-- Exercise --
Treat the line containing "Uma pessoa está" as the first line of the answer and the last line of the data as its final line, reproducing every line between exactly.

-- Task data --
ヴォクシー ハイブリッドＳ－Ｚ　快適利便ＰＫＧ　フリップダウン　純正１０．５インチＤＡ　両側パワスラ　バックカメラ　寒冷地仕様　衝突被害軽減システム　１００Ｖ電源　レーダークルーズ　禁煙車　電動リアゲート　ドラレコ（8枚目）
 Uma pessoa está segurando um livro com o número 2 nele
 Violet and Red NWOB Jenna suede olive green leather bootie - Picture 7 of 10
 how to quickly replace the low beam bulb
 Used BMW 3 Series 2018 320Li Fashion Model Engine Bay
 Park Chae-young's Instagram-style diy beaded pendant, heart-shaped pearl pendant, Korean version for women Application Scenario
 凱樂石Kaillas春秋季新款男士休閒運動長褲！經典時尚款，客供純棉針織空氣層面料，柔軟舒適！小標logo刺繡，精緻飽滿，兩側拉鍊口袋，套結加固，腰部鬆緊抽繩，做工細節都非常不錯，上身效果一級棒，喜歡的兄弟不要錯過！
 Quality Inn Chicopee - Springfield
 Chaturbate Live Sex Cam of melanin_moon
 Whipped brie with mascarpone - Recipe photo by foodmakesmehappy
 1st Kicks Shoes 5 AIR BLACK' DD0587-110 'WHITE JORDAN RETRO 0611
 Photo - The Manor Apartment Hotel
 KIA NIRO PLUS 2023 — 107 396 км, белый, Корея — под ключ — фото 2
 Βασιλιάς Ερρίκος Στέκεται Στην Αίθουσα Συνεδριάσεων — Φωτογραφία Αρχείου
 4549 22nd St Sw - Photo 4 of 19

-- Response to the task --
 Uma pessoa está segurando um livro com o número 2 nele
 Violet and Red NWOB Jenna suede olive green leather bootie - Picture 7 of 10
 how to quickly replace the low beam bulb
 Used BMW 3 Series 2018 320Li Fashion Model Engine Bay
 Park Chae-young's Instagram-style diy beaded pendant, heart-shaped pearl pendant, Korean version for women Application Scenario
 凱樂石Kaillas春秋季新款男士休閒運動長褲！經典時尚款，客供純棉針織空氣層面料，柔軟舒適！小標logo刺繡，精緻飽滿，兩側拉鍊口袋，套結加固，腰部鬆緊抽繩，做工細節都非常不錯，上身效果一級棒，喜歡的兄弟不要錯過！
 Quality Inn Chicopee - Springfield
 Chaturbate Live Sex Cam of melanin_moon
 Whipped brie with mascarpone - Recipe photo by foodmakesmehappy
 1st Kicks Shoes 5 AIR BLACK' DD0587-110 'WHITE JORDAN RETRO 0611
 Photo - The Manor Apartment Hotel
 KIA NIRO PLUS 2023 — 107 396 км, белый, Корея — под ключ — фото 2
 Βασιλιάς Ερρίκος Στέκεται Στην Αίθουσα Συνεδριάσεων — Φωτογραφία Αρχείου
 4549 22nd St Sw - Photo 4 of 19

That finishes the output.